It was alarming when President Barack Obama, acting on the basis of a U.N. resolution, ordered U.S. airstrikes on forces controlled by dictator Moammar Gadhafi in Libya.
Gadhafi's departure would be welcome, but the president had not gotten constitutionally required authorization from Congress for a war on Libya. And it's unclear just what Obama hopes to accomplish - Gadhafi's removal, a stalemate between Gadhafi and the rebels, or something else. In addition, we do not yet really know whether the rebels would be a definite improvement over Gadhafi's despotism.
But with the United States' and other nations' attacks on Libya having failed to stop Gadhafi decisively, there is now unwise talk of expanding U.S. involvement by putting our troops on the ground there.

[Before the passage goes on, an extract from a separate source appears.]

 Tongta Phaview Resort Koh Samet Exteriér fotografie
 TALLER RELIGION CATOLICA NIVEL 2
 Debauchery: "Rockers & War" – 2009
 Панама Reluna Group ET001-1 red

Testifying at a Senate hearing, U.S. Army Gen. Carter Ham, who until recently directed the U.S. attacks on Libya, was asked whether the United States would make U.S. soldiers part of a NATO-led force in Libya.
"I suspect there might be some consideration of that," he said.
There shouldn't be!
Americans are horrified by Gadhafi's treatment of his own people. But we cannot halt all human rights abuses around the world. And there is neither a vital U.S. interest nor an imminent threat to the United States from Libya that would justify greater U.S. military intervention.
Involving American soldiers in Libya's civil war would be a horrible idea!
Fortunately, the president has said - so far - that he doesn't plan to do that. But if he later considers U.S. intervention on the ground in Libya, he should get congressional approval to do so.